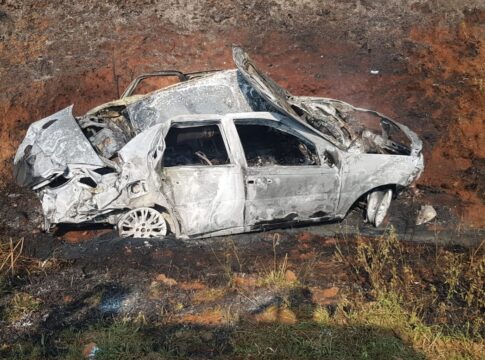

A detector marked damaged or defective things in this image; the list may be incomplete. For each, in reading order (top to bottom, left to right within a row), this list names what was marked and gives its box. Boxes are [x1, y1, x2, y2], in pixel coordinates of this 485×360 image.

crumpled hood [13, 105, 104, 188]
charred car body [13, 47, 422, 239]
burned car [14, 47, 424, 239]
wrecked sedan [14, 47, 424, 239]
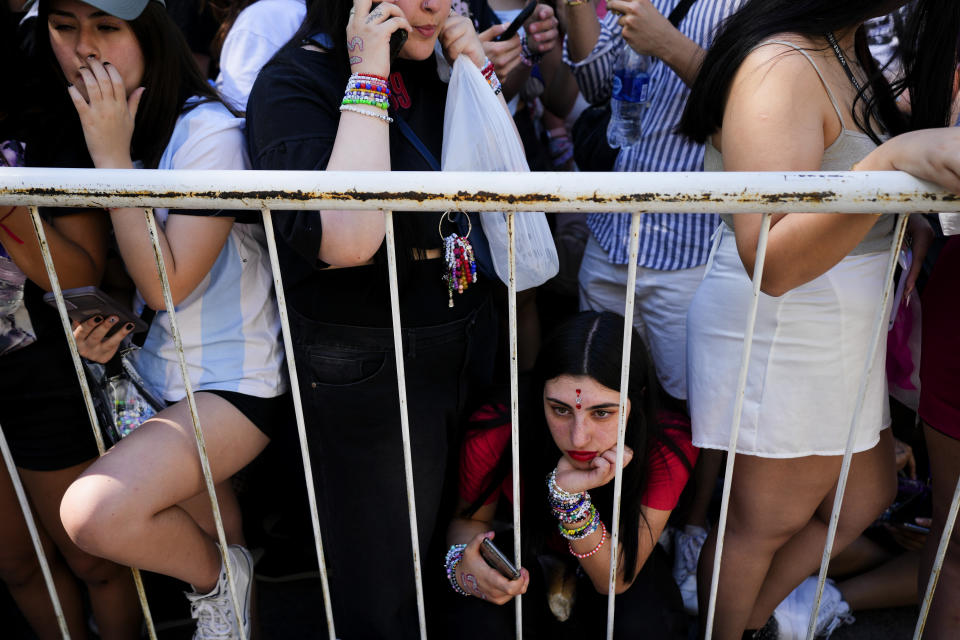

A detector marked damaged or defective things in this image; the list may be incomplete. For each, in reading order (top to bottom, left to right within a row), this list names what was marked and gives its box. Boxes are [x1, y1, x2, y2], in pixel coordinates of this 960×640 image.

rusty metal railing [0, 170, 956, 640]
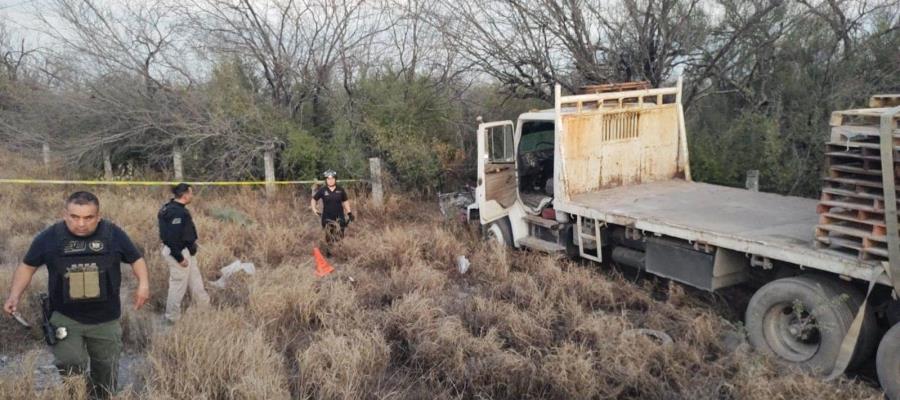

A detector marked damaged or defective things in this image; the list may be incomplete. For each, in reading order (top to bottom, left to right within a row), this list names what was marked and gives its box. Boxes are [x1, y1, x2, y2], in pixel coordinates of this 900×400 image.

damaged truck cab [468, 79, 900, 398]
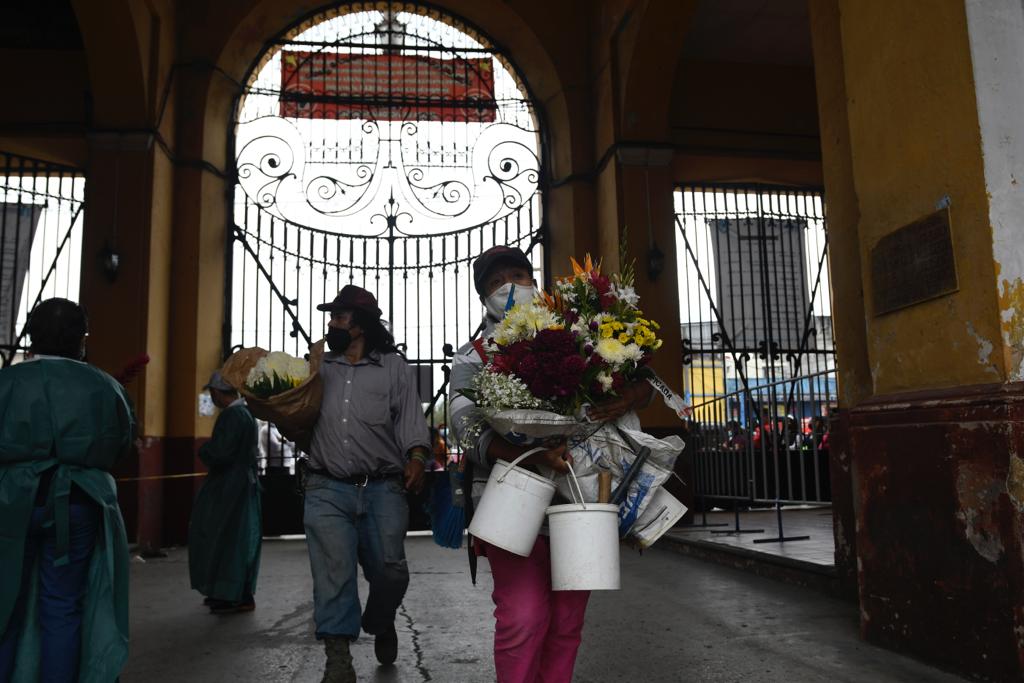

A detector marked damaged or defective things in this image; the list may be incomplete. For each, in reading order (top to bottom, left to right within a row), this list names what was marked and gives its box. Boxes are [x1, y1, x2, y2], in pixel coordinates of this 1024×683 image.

• Directions
Transcribe each entry exactly, pictures excluded.

• Task solution
A detector marked damaged or defective things in this image; the list may be incomplete. For each, in reading order (top to bottom, left to right within a row), this list names what was marked and gives its box. Boxes are [x1, y1, x2, y2], in pixel coordinates of this 485×360 image.

crumpled hood [13, 105, 104, 188]
charred car body [13, 47, 422, 239]
burned car [14, 47, 424, 239]
wrecked sedan [14, 47, 424, 239]

A detector marked damaged or defective things in this image; the list may be incomplete. For each, in reading order (top to bottom, left to right within a row), this list names what was marked and gives its box. Boxes are [x1, y1, x2, y2], in pixel coordinates of this 960×640 image.

rusty metal railing [0, 170, 956, 640]

A detector marked damaged or defective things in this image; the list may be incomplete. For each, in reading order (top to bottom, left to right within a row), this list names what was marked and gives its box. Boxes are [x1, y1, x2, y2], in pixel coordinates of this 900×400 image.

damaged truck cab [468, 79, 900, 398]

A detector marked damaged or defective things in this image; the list may be incomplete. For each, in reading order (top to bottom, left to right within a row), this list names what was marked and gives its box. Boxes are [x1, y1, x2, y2], in pixel coordinates of this 1024×683 image.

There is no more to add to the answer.